Still, the galvanizing effect will be real. The particular question it poses is organizational as much as ideological. The framework of the Sanders insurgency was the Democratic Party, whose presidential nomination in the end it failed to capture. Does Trump’s success in his parallel enterprise, from a position much more extraneous and alien to Republican than Sanders to Democratic tradition, offer a model for victory next time, with a better and more radical candidate, and a stronger and more tested base? If a hostile take-over of one capitalist party from the right was possible, could the same be done to the other from the left? Couched in more roseate language, such has of course been the perennial hope of the greater part of the American left since the New Deal. Today, the hollowing out of the party form in the West makes abrupt twists of it, coming out of the blue, look more realistic: witness the Corbyn phenomenon in Britain. Critical, however, in the cases of both Sanders and Corbyn was the element of surprise: the Democratic and Labour apparatuses were caught off-guard by a radicalization neither they, nor anyone else, expected. In the US, the Democratic establishment will not be napping next time. In its eyes, any significant shift to the left would compromise the prospects of electoral revenge in 2020, and it will move to block it. In Jacobin, Seth Ackerman has proposed a one foot in, one foot out strategy for avoiding absorption or neutralization of radicals by the DNC: the creation of an independent socialist party at once supporting better candidates and causes in Democratic ranks, and where conditions are favourable, fielding its own candidates in Democratic primaries, or simply running them as independents. [22] Whether such a strategy—in effect, Sanders-plus—is compatible with any chance of speaking the truth about the character of the Democratic Party, or must lead to the kind of soft-soap euphemisms ruinous to any radical politics, is plainly open to question.
16
There is a further, obvious obstacle to reconfiguring the Democrats with even the weakest ‘social’ and hyphen before their name. Standing in the way of that is not only the whole history of the party since the inception of the Cold War, and its contemporary machinery of billionaire donors and fixers, but its principal icon. Obama, still resident in Washington, will be active—behind the scenes or from a cloud above them—in lending the party he neglected in office suitable guidance and energy to ensure the Democrats remain a congenial, avowedly middle-of-the-road vehicle for capital in 2020. He, not Trump, is likely to be the leading impediment to any expansion of a Sanders-plus insurgency uniting downwardly mobile millennials, hard-pressed workers and restive minorities on any more radical and genuinely internationalist platform of a sort that would merit the term left. Without keeping him steadily in its sights, there is small chance of that. Not only because of the position he will continue to enjoy within the party, but the legend that has accrued around him. The panegyrics of his departure, combined with the execration of his successor, risk a political padlock on anything better than what he supplied. The traditional reason always given for left accommodation to the DP was that it was a lesser evil. With Trump converted into evil of an unimaginable magnitude—fascism round the corner, if not already in charge—the halo around Obama annuls the argument: this is good against evil, pure and simple. How far this ideological effect reaches, and how long it persists, are beyond current calculation. But certainly, penitent nostalgia for a ruler criticized in power, now rued out of it, is liable to afflict much of the left for some time.

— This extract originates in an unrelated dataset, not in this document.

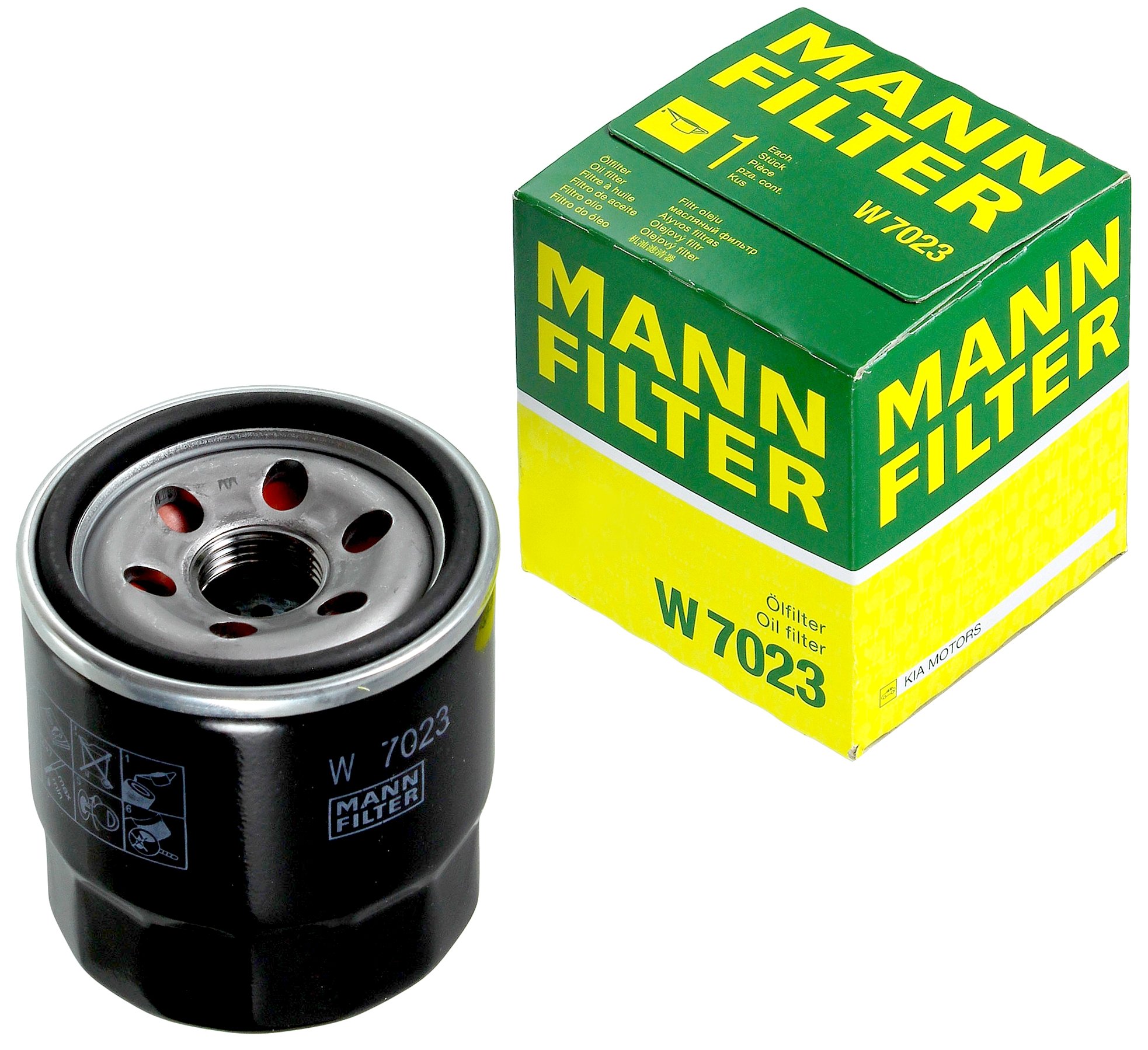 Купить лучший масляный фильтр. Фильтр масляный Манн 7023. Фильтр масляный Mann w 7023. W7023 Mann фильтр масляный Применяемость. Масляный фильтр Манн Киа Рио 3 1.6.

The best antidote to it can be found in a powerful retrospect of Obama’s career by Aziz Rana inn+1, who writes:
At a moment when the country faced convulsive social crises, and more and more of his supporters called for a fundamental reconstruction of American institutions, Obama marshalled his personal story and oratorical gifts to defend hollow tenets: the righteousness of American primacy, the legitimacy of global market liberalism, the need for incremental reform, the danger of large-scale structural overhaul. The consequence—intensified by a virulent right—was that fundamental problems continued to fester and became harder to ignore: mass incarceration and structural racism, dramatic class disparities in power and opportunity, interventionism abroad, and national-security abuses at home.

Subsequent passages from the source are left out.